The FSA (Japanese Financial Services Agency), officially announced that the first Japanese bill related to digital currencies, which recognizes Bitcoin as a method of payment, is now a law since April 1st.
This bill does not consider Bitcoins as a form of Currency or Cryptocurrency and recognizes it only as a form of payment.
The new law clearly states that Bitcoin or any other virtual currency is a method of payment and not a legally-recognized currency.
Unless there are any future revisions or to Japanese tax law, Bitcoin will continue to be treated as an asset and not a currency.
How this Law affects exchanges, Payments, and people using it?
In the context of providers wish to facilitate the exchange:
- Any company or bitcoin exchange providing entity must be registered with the Prime Minister before they can proceed.
- Must have sufficient security and IT system defense mechanisms against loss or theft.
- Must possess a Minimum Capital of 10 million yen.
- Should provide the registration number, fee schedule, and trading address as well, to the users.
- Certain Additional Regulations are also required, such as:
- A public certified accountant or audit firm must audit them at least once every year and submit annual reports.

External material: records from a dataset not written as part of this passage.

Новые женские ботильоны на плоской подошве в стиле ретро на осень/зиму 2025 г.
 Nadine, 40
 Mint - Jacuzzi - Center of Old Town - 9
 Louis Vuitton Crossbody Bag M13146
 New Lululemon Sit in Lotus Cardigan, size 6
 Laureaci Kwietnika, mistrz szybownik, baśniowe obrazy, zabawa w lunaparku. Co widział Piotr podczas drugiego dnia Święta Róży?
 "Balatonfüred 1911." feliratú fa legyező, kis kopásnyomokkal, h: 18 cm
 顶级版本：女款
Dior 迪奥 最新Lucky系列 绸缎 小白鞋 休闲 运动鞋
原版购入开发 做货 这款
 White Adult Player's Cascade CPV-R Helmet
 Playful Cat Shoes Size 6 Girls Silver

In the Context of the Bitcoin exchange or It’s trading process:
Bitflyer is the largest exchange in the bitcoin market by volume. Yuzo Kano, CEO of Bitflyer, stated to Bitcoin.com, “Even foreign entities who provide services to Japanese residents will be regulated under the law”.
Bitflyer has raised a total of $35.6 million in funding till today, including the recent investment of 200 million yen from Mizuho Capital, and other investors. Other shareholders are Mitsubishi UFJ Financial Group, Mitsui Financial Group, SBI Investment, Densu Digital Holdings, and GMO.
Kano also spoke about the fact that majority of the people in japan don’t believe in bitcoins, and the trust on bitcoin was lost three years ago. Hence to recover the trust large corporations with their own business use purpose use and agenda will join in, which can lead to a bigger bitcoin-blockchain ecosystem.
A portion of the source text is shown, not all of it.